This disclosed techniques may help evaluate how well the ML system 102 can understand and translate instructions into functional code.

The aforementioned benchmark may directly assess the ability of the ML system 102 to generate code based on human-written instructions, making the benchmark highly relevant to the aforementioned task.

As noted above, the benchmark may include 164 coding problems. These problems may cover a wide range of coding tasks, ensuring a thorough evaluation of the capabilities of the disclosed ML system 102.

The comprehensive “human eval” aspect of the assessment process means that human experts may evaluate the generated code, providing a more reliable assessment of quality and correctness.

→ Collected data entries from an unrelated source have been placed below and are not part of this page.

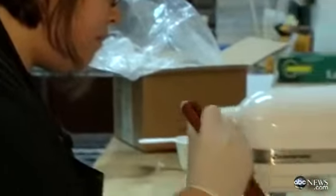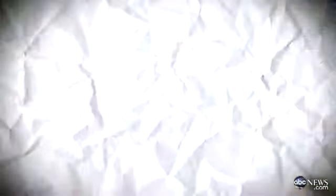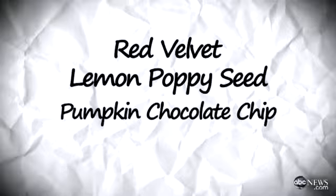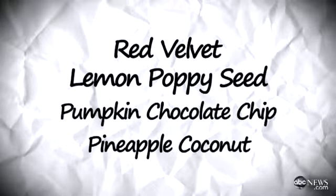So tell me a little bit about the cake itself — what flavors? We've got several flavors: red velvet, lemon poppy seed, pumpkin chocolate chip, and in a little nod to the president being from Hawaii, we have a pineapple coconut. The flavors are all interspersed so everyone — whatever flavor the president and the first family want — they can get a little bit of it.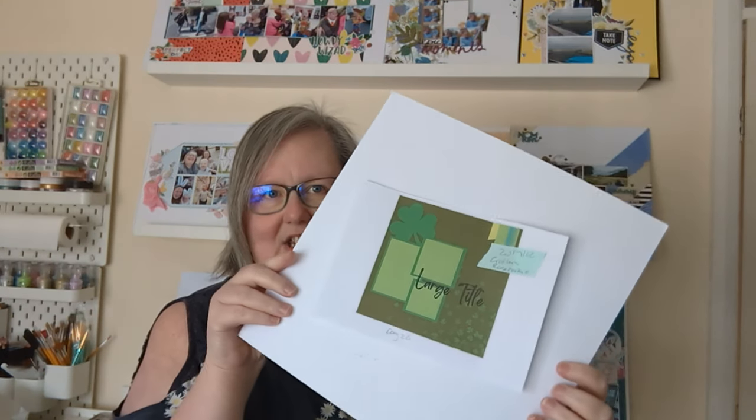Hey scrappy friends! Today I have another video finishing off the sketches for Thursday's sketches, which was in March. I have Day 26 for you today — that's the sketch stuck on the back of the layout so I don't forget which layout is for which. I will be using wax seals.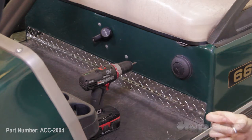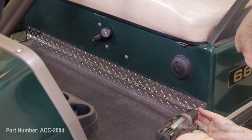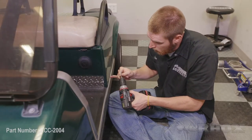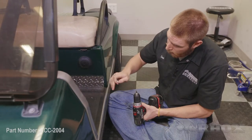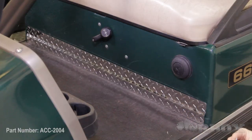Now we've got our kick plate in place where we want it. What we're going to do is take the provided self-tapping screws and go ahead and mount it up. I'm going to start on this side, put these two screws in, then jump to the other side and put those two screws in, and then I'll do the middle four screws once I'm done with those.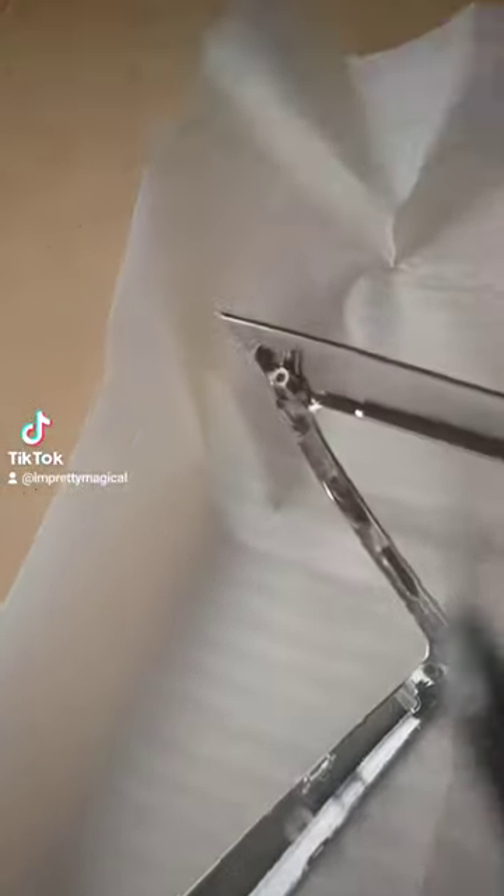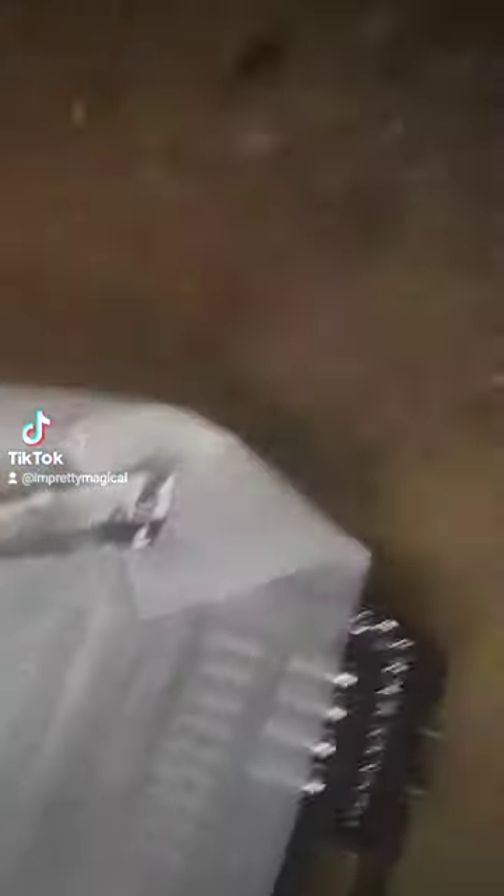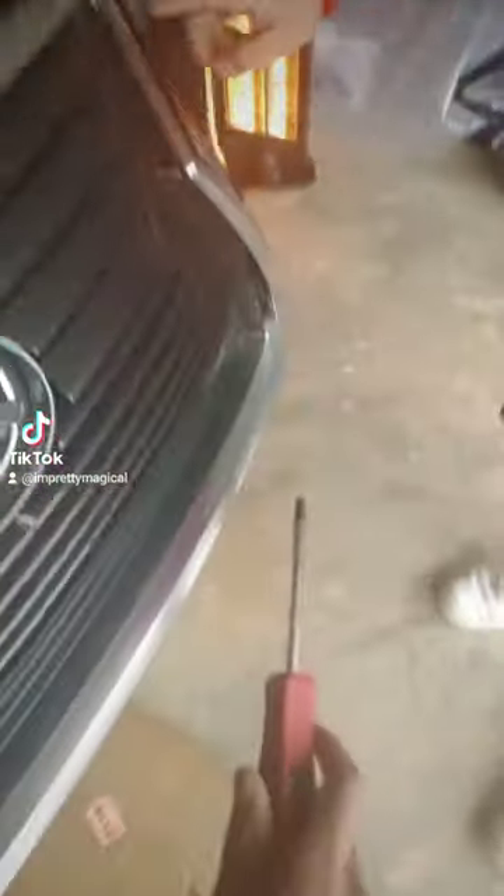So as you can tell, there are one, two, three, four screws. Gonna have to unscrew those from said places.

Each problem included in the benchmark may come with a set of test cases to assess the correctness and functionality of the generated code. The performance assessment may utilize a “pass rate” metric (discussed above in conjunction with FIG. 3) that may calculate the percentage of problems where the generated code of the SLM model 116 successfully passes all the given test cases. The test cases may provide an objective measure of the correctness and functionality of the generated code. As noted above, by evaluating against multiple test cases, an evaluator may assess the ability of the ML system 102 to handle various scenarios and edge cases. For performance comparison, the Code Gen family of models may be used. As discussed above, the Code Gen model family may include models specifically trained on code-related data. As used herein, the term “foundation models” refers to the models that are trained on a broad range of data, including code. The versatility of foundation models may also be beneficial for code generation, as this versatility may allow the model to leverage knowledge from various domains. The pass rate based on test cases may be a clear and relevant metric for code generation tasks. The Code Gen model family may offer a range of options for assessment, including, but not limited to, code-specific and foundation models, allowing the evaluator to select the most suitable one based on needs and available resources.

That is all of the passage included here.